Ken, aunque no lo parecía, estaba visiblemente cansado de las muestras de afecto y esas cosas que retrasaban la misión. Abrió su sobre y sin pronunciar palabra mostró el contenido a todos. — Tegoshi Yuya, cuarto integrante de AT-009—. Un muy mal chiste según muchos pero, casi todos los que estaban entrenamiento se alzaron emocionados juntos a los de Andrómeda. Koyama también se emocionó mucho mientras Massu y Shige se miraban confundidos porque no sabían quién era.

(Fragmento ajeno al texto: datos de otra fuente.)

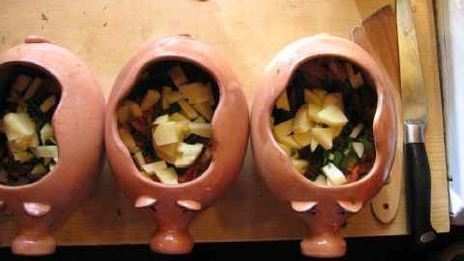 солянка в горшочке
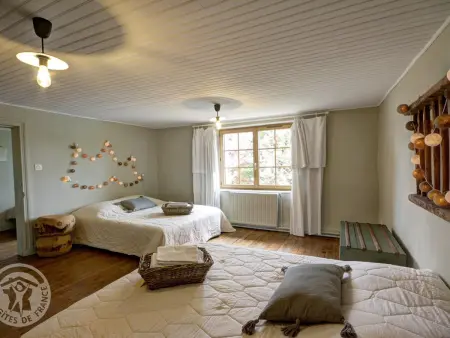 Gîtes spacieux avec piscine privative, sauna, animaux acceptés et parking, jusqu'à 18 personnes - Photo 26
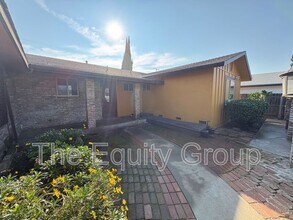 1413 W Cambridge Ave in Visalia, CA - Building Photo - Building Photo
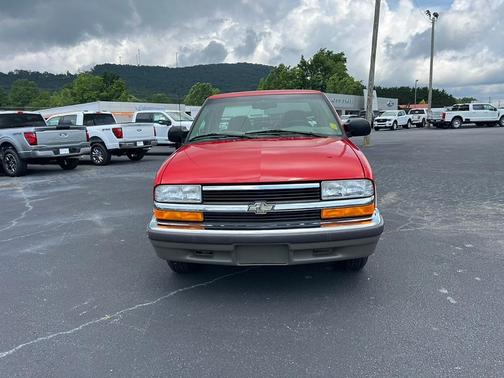 1999 Chevrolet S-10 LS Extended Cab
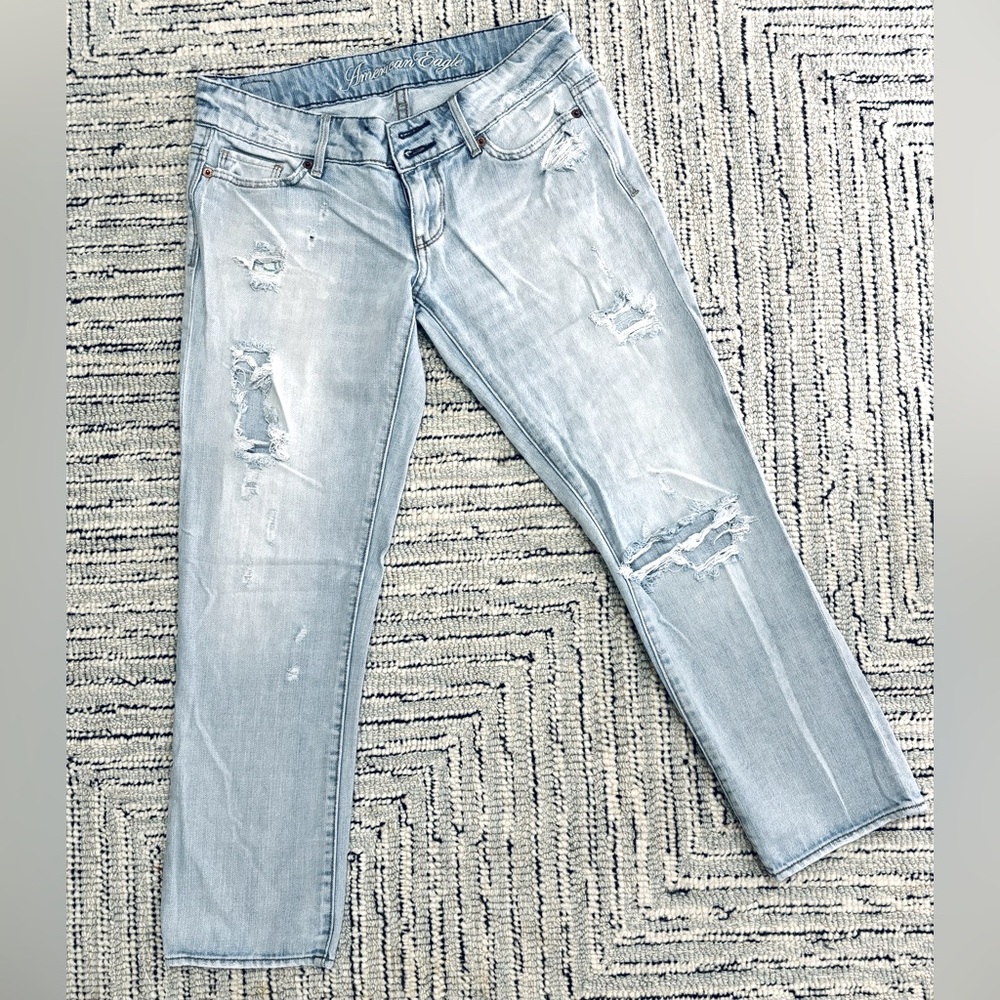 Vintage America Eagle Distressed Cropped Jeans 100% Cotton. Excellent Condition!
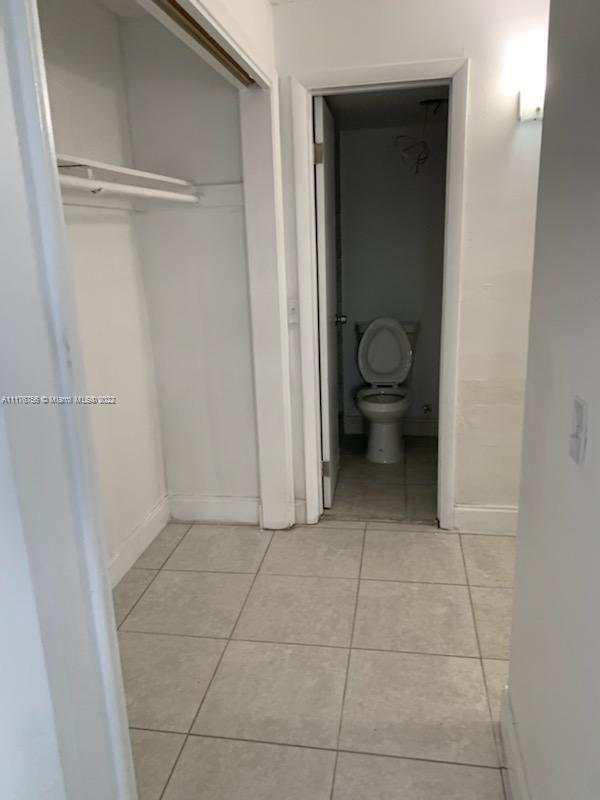 5900 Nw 17th Pl 109 Property Photo 4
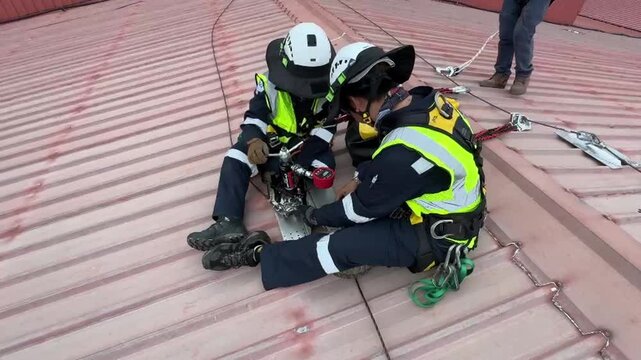 Testing of horizontal lifeline systems for roof installations at high elevations.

Fue hasta que se levantó que Shige se dió cuenta que era el rubio molesto. — Probablemente todos estén dudando de nuestras capacidades para armar misiones— Shige, que no quería asentir con la cabeza, lo hizo con la mirada — pero teniendo ya un equipo que se encarga del resto de las necesidades nos hace falta alguien cuya capacidad física y valentía sea indudable. Y con esto no me refiero a que Tegoshi solo nos sirva por su cuerpo, esta es la oportunidad de demostrarles a todos los que dudan de él de lo que es capaz—. Ken los miro serios a todos mientras Taichi, Takki y Coati aplaudían su breve pero sincero discurso. Tegoshi quería situarse a lado de Keiichan pero al ser el cuarto miembro, no le correspondía. Tuvo que situarse a lado de Shige. No le quitaba la mirada de encima; Koyama entonces en un intento por aplacar a todos, tomó la mano de Massu indicándole que hiciera lo mismo con Shige y este con Tegoshi. Massu lo miro confundido pero lo hizo y animó a Shige a hacerlo. Temeroso, se tomó de las manos con Tegoshi; Koyama levantó las manos en señal de victoria, seguido de Massu y de Tegoshi que tuvo que tomar la iniciativa pues Shige se notaba incómodo con el contacto. Los 3 generales de división y Coati comenzaron a aplaudirles, seguidos del resto de los presentes en la sala, obviando la felicidad que sentían los de Sirius, Andromeda, Orion y los Lyrans.